Ne connaissant pas mes origines, sachant mal de qui j’étais né, je ne pouvais que me rêver, ce qui était un grand bonheur. J’avais besoin d’un mythe fondateur, j’y ai cru, je l’ai aimé. Ça ne me gênait pas que tout commencement soit une tragédie. Puisque ça m’était arrivé dans le réel, je savais qu’il y aurait toujours un héros pour me sauver. « L’épopée qui relate des destins héroïques apparaît à l’aube historique lorsqu’un groupe prend conscience de lui-même, crée ses modèles et se célèbre à travers eux4. »
Que la vie serait fade sans événements menaçants ! Qu’elle est belle et tragique quand une aventure en marque le commencement ! J’avais besoin d’un héros qui ne serait ni divin ni vraiment sacré. Rémi, Oliver Twist, David Copperfield, Jules Vallès et Tarzan vivaient dans un monde de récits merveilleux et terrifiants. Mes héros étaient faits du même sang que le mien, nous traversions les mêmes épreuves de l’abandon, de la malveillance des hommes et de l’injustice des sociétés. Leur épopée me racontait qu’il était possible de s’élever au-dessus de la fadeur des jours et du malheur de vivre.
Quand ils parlent des merveilleux malheurs dont ils ont triomphé, nos héros nous montrent le chemin. Il en est ainsi au départ de toute existence. Quand, lors de notre naissance, nous débarquons au monde, nous ressentons un effroi qui se transforme en chaleur merveilleuse dès qu’une figure d’attachement nous prend dans ses bras, nous apaise et nous montre la voie.

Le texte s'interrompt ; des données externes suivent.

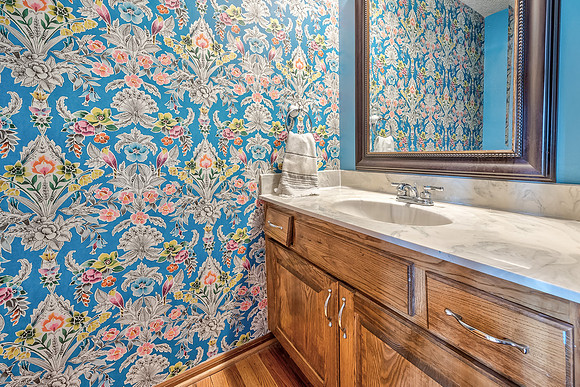 14708W80ST-25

Comment raconter une épopée en termes quotidiens ? On ne peut tout de même pas écrire : « Ulysse a acheté du pain à la boulangerie du coin. Il a trouvé que la baguette était trop chère. » Ce n’est pas ainsi que parlent les héros. Il leur faut de l’emphase et de la poésie pour se placer au-dessus des hommes. Écrivez alors : « Ulysse dans sa juste fureur s’emporta et décida de lutter contre la famine. Il fit fructifier le froment et, grâce à son superpouvoir, distribua du pain aux pauvres. » Voilà comment on se paye de mots. Tel est le langage du héros, c’est celui de l’épopée. Grâce à Ulysse, le peuple affamé put reprendre des forces afin de lutter contre le tyran.
« Je préfère mourir debout que vivre à genoux », a dit Jacques Decour avant d’être fusillé par les soldats allemands5. Voilà comment parle un héros ! Il est mort de cette phrase, mais que c’était beau ! Devant tant de courage et de majesté verbale, je me sens beaucoup mieux.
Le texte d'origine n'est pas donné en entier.